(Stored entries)

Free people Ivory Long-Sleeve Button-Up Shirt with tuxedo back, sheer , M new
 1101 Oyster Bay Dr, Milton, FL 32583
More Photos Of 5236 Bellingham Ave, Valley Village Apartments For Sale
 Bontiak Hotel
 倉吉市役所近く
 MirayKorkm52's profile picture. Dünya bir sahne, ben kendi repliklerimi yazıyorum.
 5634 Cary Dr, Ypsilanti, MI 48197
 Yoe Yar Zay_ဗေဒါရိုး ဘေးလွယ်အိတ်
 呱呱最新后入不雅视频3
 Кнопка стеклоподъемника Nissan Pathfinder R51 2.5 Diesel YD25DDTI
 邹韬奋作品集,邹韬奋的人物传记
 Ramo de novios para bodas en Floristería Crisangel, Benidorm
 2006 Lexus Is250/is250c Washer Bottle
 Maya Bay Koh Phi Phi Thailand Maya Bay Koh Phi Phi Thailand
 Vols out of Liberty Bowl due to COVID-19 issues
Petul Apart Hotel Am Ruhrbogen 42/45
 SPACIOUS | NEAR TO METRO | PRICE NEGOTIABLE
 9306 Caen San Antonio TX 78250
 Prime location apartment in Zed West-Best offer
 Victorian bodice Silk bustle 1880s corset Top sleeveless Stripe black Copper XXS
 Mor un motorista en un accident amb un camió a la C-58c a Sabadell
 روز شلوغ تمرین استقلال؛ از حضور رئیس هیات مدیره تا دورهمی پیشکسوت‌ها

EXERCISE REQUIREMENTS. Look above for the line containing "5634 Cary Dr, Ypsilanti, MI 48197", then transcribe it and all lines after it through the last, exactly and with nothing else.

ANSWER BELOW.
 5634 Cary Dr, Ypsilanti, MI 48197
 Yoe Yar Zay_ဗေဒါရိုး ဘေးလွယ်အိတ်
 呱呱最新后入不雅视频3
 Кнопка стеклоподъемника Nissan Pathfinder R51 2.5 Diesel YD25DDTI
 邹韬奋作品集,邹韬奋的人物传记
 Ramo de novios para bodas en Floristería Crisangel, Benidorm
 2006 Lexus Is250/is250c Washer Bottle
 Maya Bay Koh Phi Phi Thailand Maya Bay Koh Phi Phi Thailand
 Vols out of Liberty Bowl due to COVID-19 issues
Petul Apart Hotel Am Ruhrbogen 42/45
 SPACIOUS | NEAR TO METRO | PRICE NEGOTIABLE
 9306 Caen San Antonio TX 78250
 Prime location apartment in Zed West-Best offer
 Victorian bodice Silk bustle 1880s corset Top sleeveless Stripe black Copper XXS
 Mor un motorista en un accident amb un camió a la C-58c a Sabadell
 روز شلوغ تمرین استقلال؛ از حضور رئیس هیات مدیره تا دورهمی پیشکسوت‌ها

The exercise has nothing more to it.